Getting adjusted to Swiss ways is not always easy for foreign nationals, but with a lot of perseverance it can be done. This is how you know you’ve assimilated.

Five signs you've settled into life in Switzerland
No lint: Following laundry room rules is a sign of integration in Switzerland. Photo by Sara Chai from Pexels

Much has been said about Switzerland’s quirkiness, but when you think about it, this country’s idiosyncrasies are not more or less weird than any other nation’s — except for the fact that they are expressed in at least three languages which, admittedly, can complicate matters a bit.

However, once you master the intricacies and nuances of Swiss life, you will feel like you belong here.

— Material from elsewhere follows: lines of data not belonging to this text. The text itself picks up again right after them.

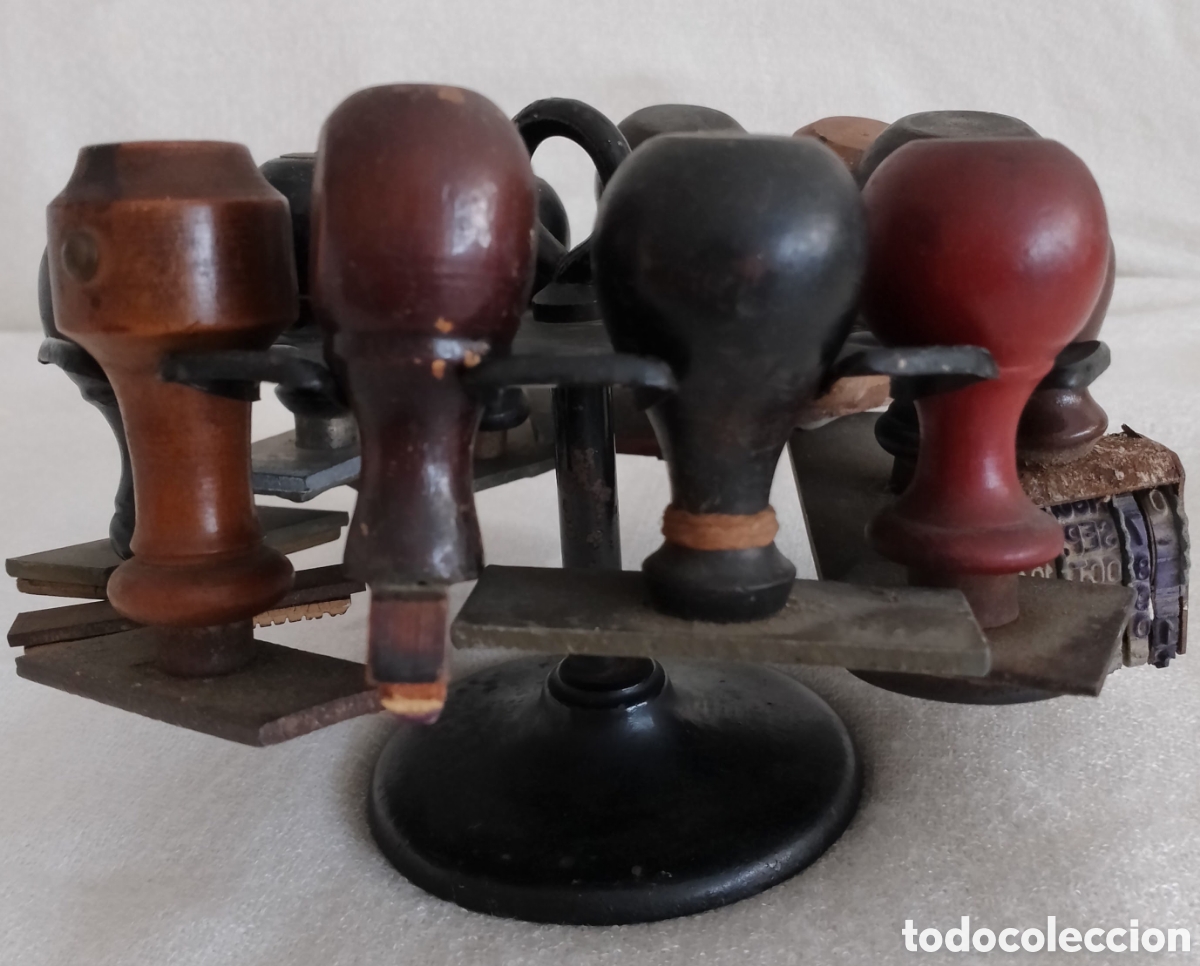 Antig&uuml;edades: Soporte y Cu&ntilde;os Antiguos. - Foto 14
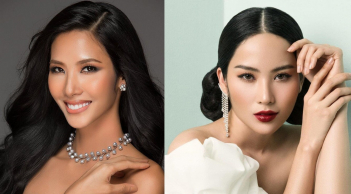 4 người đẹp đã đoạt giải Best Face của cuộc thi hoa hậu đình đám tại Việt Nam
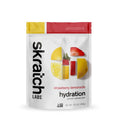SkratchLabs Hydration Sports Drink Mix - Strawberry Lemonade - 20 Serving Resealable Bag - 440g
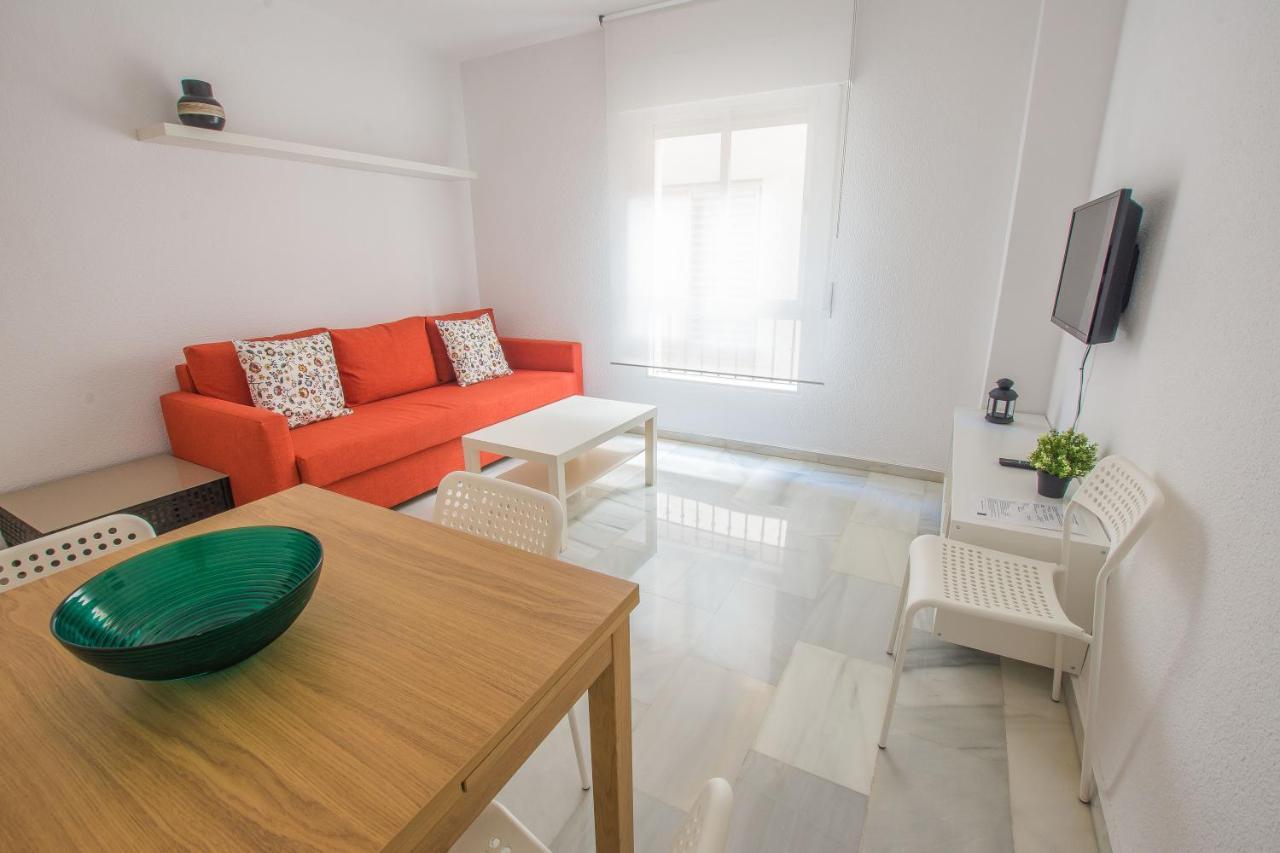 Apartamento Qh Rejas Granada Exterior foto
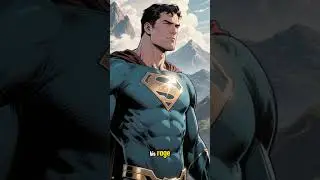 Superman&rsquo;s Advice to Hulk | A Powerful Moral Story 💪🦸#superman #hulk #moralstory #comics #video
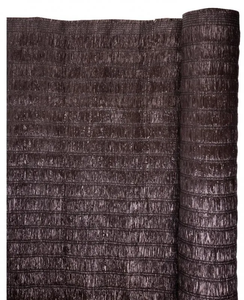 Mreža za senco uv, 2x10m, 230g/m2, 95% senčenje
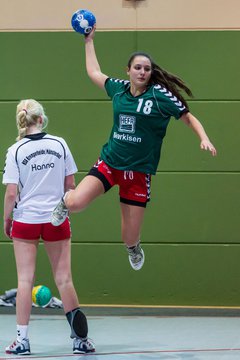 Bild 37 - B-Juniorinnen HSG Kremperheide/M�nsterdorf - JSG Alstertal/Norderstedt : Ergebnis: 21:21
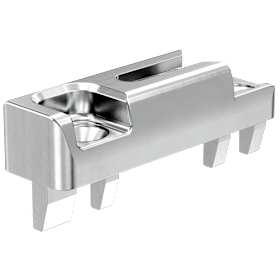 E-18524-00-L-1 | Riegelplatte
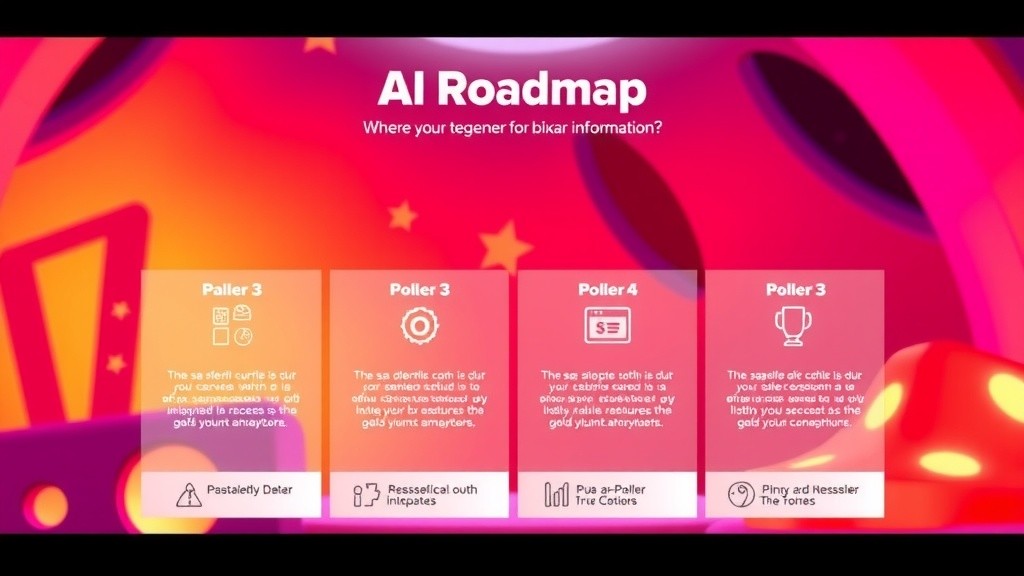 Roadmap AI: Automasi dan Pengambilan Keputusan Berbasis Data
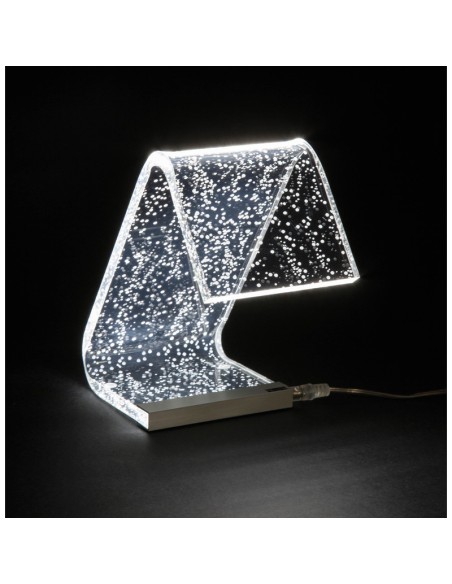 Vesta Home - Lampada Piccola C-led·stardust·11 X 17 X 19 H Th. 10 Mm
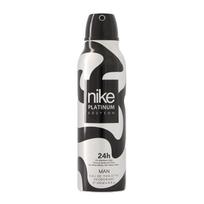 NIKE PLATINUM EDITION MAN 24H purškiamasis vyrų dezodorantas, 200 ml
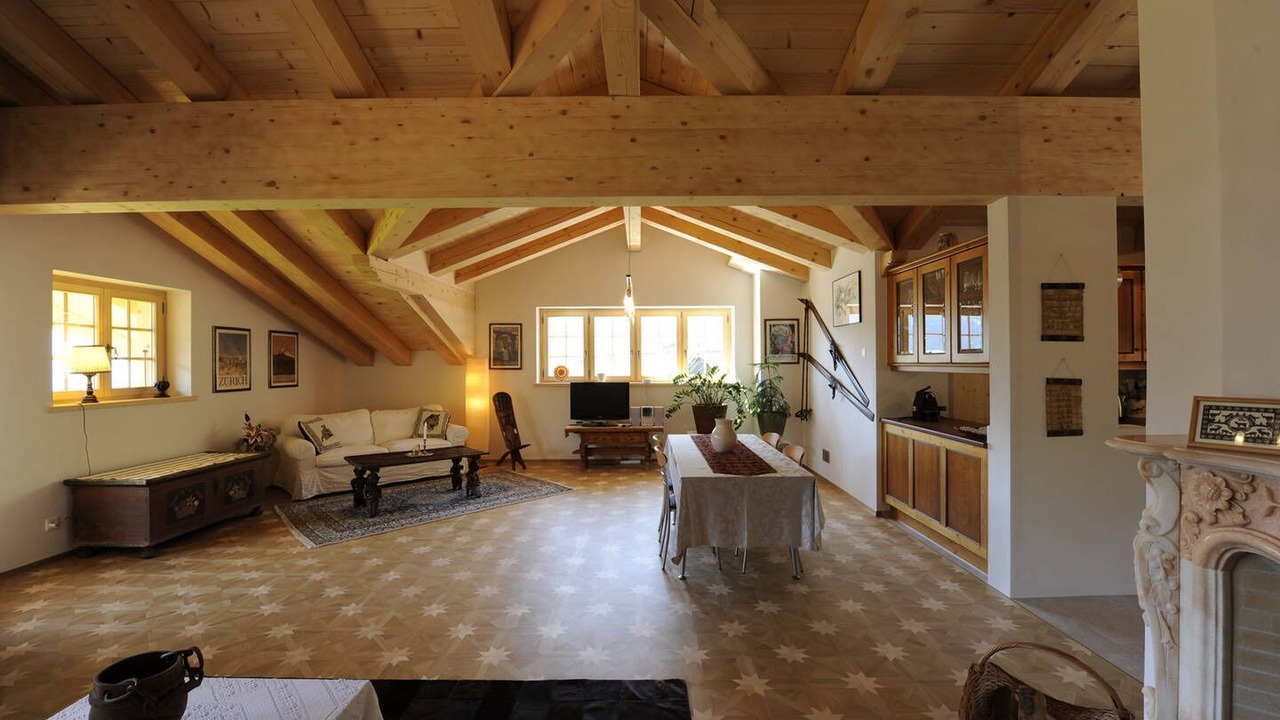 Photo of Bedroom in Chateau-d'Oex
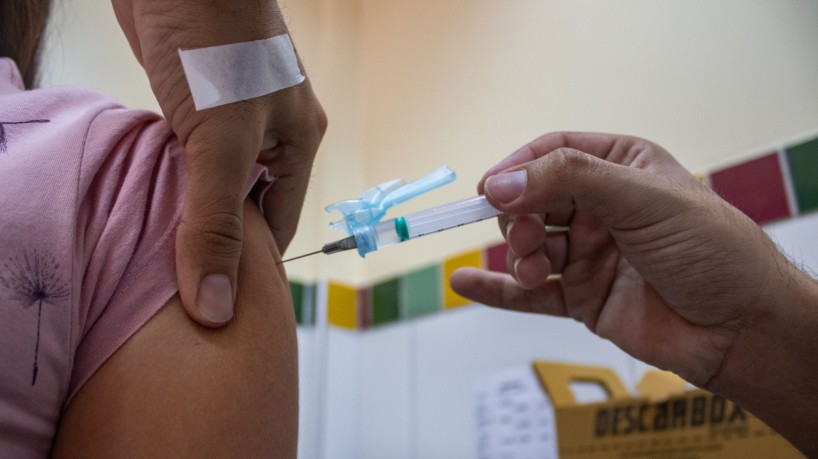 Vacinação garante proteção efetiva para todas as idades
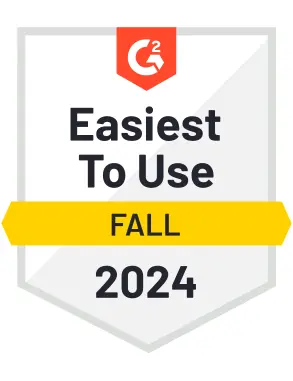 Easiest To Use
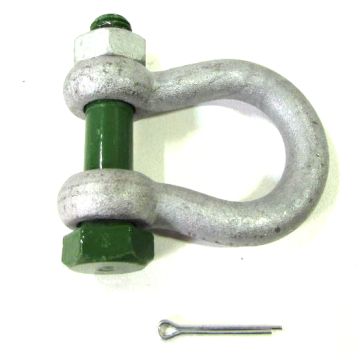 HARPSLUITING STAAL 10MM 3/8' 1-TON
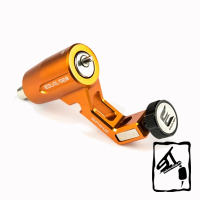 EQUALISER - Mini Spike Orange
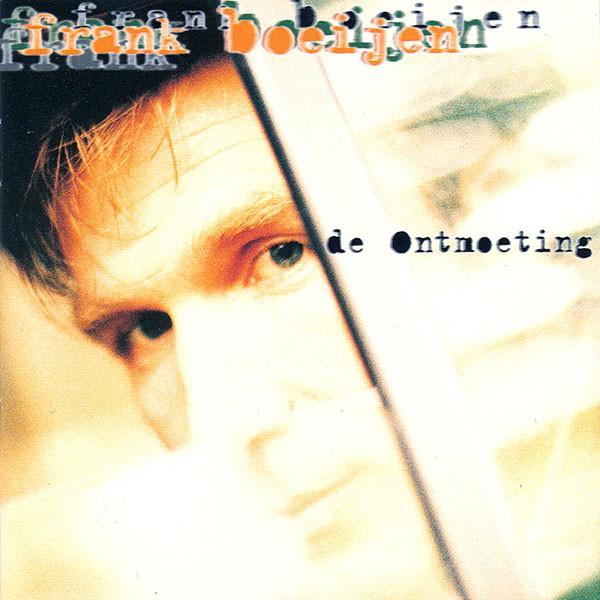 Frank Boeijen - De Ontmoeting, Cd's en Dvd's, Cd's | Pop, Gebruikt, Verzenden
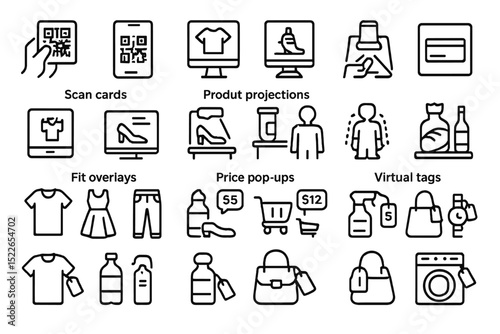 Innovative technologies for retail solutions enhance shopping experiences and streamline transactions in modern stores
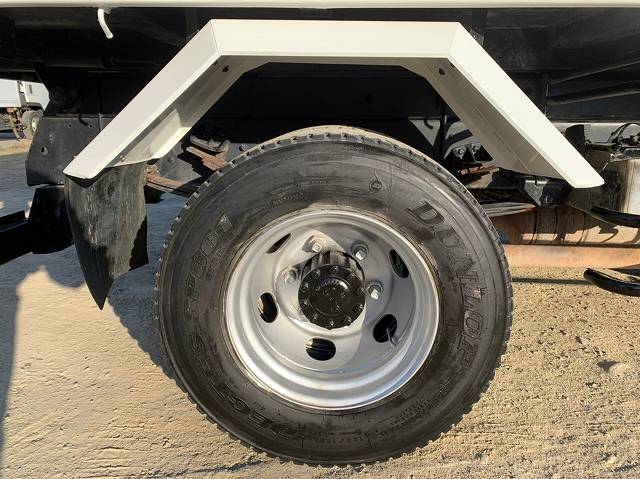 日野レンジャー深ダンプ（土砂禁ダンプ）中型（4t）[写真21]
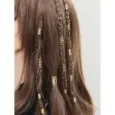 BEAUTY SALON Διακοσμητικά Αξεσουάρ Μαλλιών Ασημί BEAUTY SALON Διακοσμητικά Αξεσουάρ Μαλλιών Ασημί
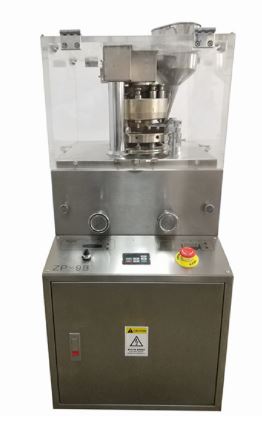 旋轉壓片機加強型ZP-9B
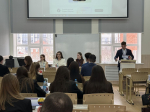 Участие студентов факультета экономики и права в XI Ростовской международной модели ООН – 2026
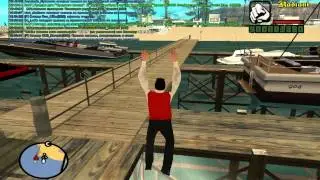 Играем в Samp [3#] [Diamond RP Radiant]
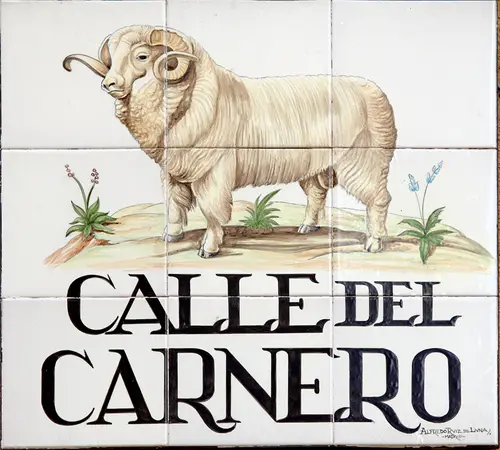 Calle del Carnero
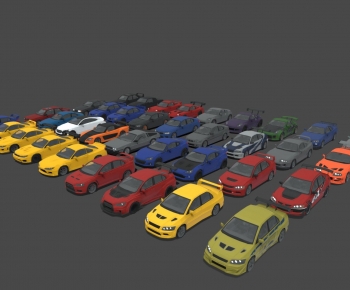 Modern Car-ID:840516094
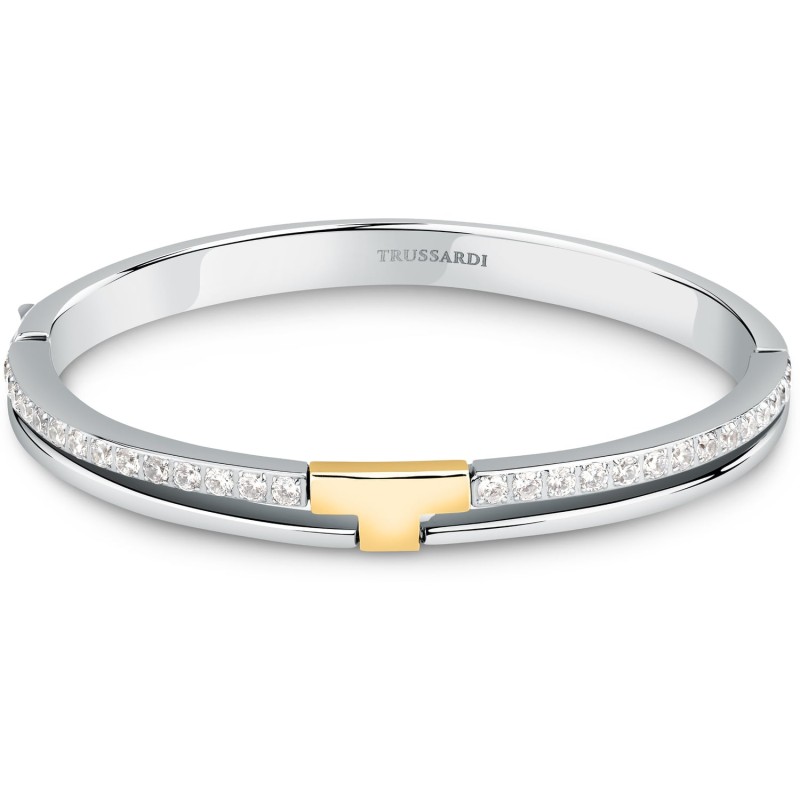 Trussardi bracciale rigido | SAYA SHOP ONLINE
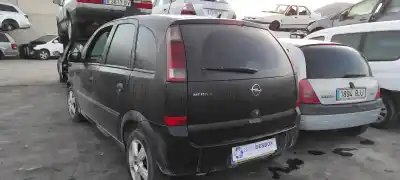 Veículo de Sucata opel meriva cosmo do ano 2005 alimentado z13dt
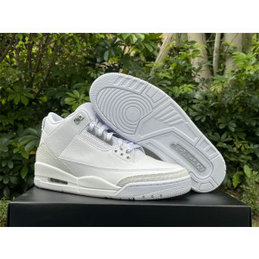 Nike Air Jordan 3 Pure Money Shoes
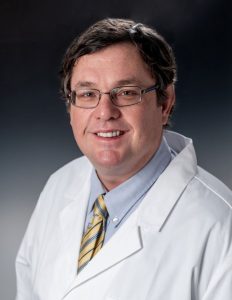 Photo of Dr. Aaron Brown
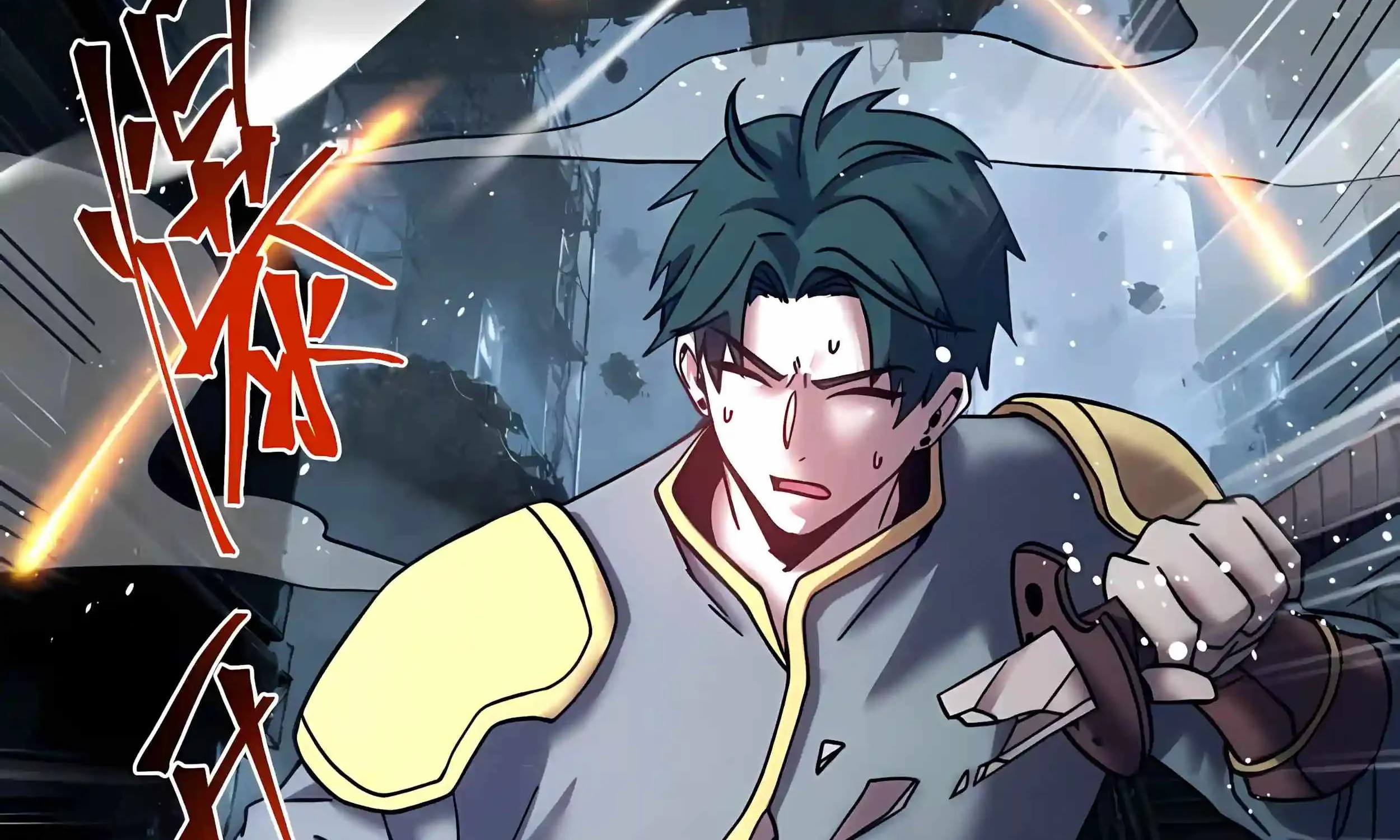 Read Logging 10 000 Years into the Future Apex Future Martial Arts EN Manga Online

This is when you know you’ve “made it”.

You speak one of the national languages, even if badly

It irritates the Swiss to no end when a foreigner, and particularly an English-speaking foreigner, doesn’t make an effort to learn the language of a region in which he or she lives, insisting instead that everyone communicates to them in their language.

So speaking the local language will go a long way to being accepted and making you feel settled in your new home.

You get a Swiss watch and live by it

Punctuality is a virtue here, while tardiness is a definite no-no.

If you want to ingratiate yourself to the Swiss, be on time. Being even a minute late  may cause you to miss your bus, but also fail in the cultural integration.

‘The pleasure of punctuality’: Why are the Swiss so obsessed with being on time?

Using an excuse like “my train was late” may be valid in other countries, but not in Switzerland.

The only exception to this rule is if a herd of cows or goats blocks your path, causing you to be late.

A close-up of a Rolex watch in Switzerland.

Owning a Rolex is a sure sign you’re rich enough to live in Switzerland. Photo by Adam Bignell on Unsplash

You sort and recycle your trash

The Swiss are meticulous when it comes to waste disposal and, not surprisingly, they have strict regulations on how to throw away trash in an environmentally correct manner.

Throwing away all your waste in a trash bag without separating it first — for instance, mixing PET bottles with tin cans or paper — is an offence in Switzerland which can result in heavy fines, the amount of which is determined by each individual commune.

In fact, the more assiduous residents separate every possible waste item — not just paper, cardboard, batteries and bottles (sorted by colour), but also coffee capsules, yogurt containers, scrap iron and steel, organic waste, carpets, and electronics.

In fact, with their well-organised communal dumpsters or recycling bins in neighbourhoods, the Swiss have taken the mundane act of throwing out one’s garbage to a whole new level of efficiency.

So one of the best ways to fit in is to be as trash-oriented as the Swiss.

READ MORE: Eight ways you might be annoying your neighbours (and not realising it) in Switzerland

You trim your hedges with a ruler

How your garden looks says a lot about you.

If it’s unkempt and overgrown with weeds, you are clearly a foreigner (though likely not German or Austrian).

But if your grass is cut neatly and your hedges trimmed with military-like precision (except on Sundays), and some of your bushes and shrubs are shaped like poodles,  you will definitely fit in.

You follow the laundry room rules

If you live in an apartment building, chances are there is a communal laundry room in the basement that is shared by all the residents.

As everything else in Switzerland, these facilities are regulated by a …laundry list of “dos” and “don’ts” that you’d well to commit to memory and adhere to meticulously.

These rules relate to everything from adhering to the assigned time slot to removing lint from the dryer.

Following each rule to the letter, and not trying to wash your laundry in someone else’s time slot, is a sign of successful integration.

Voilà, the five signs you are “at home” in Switzerland.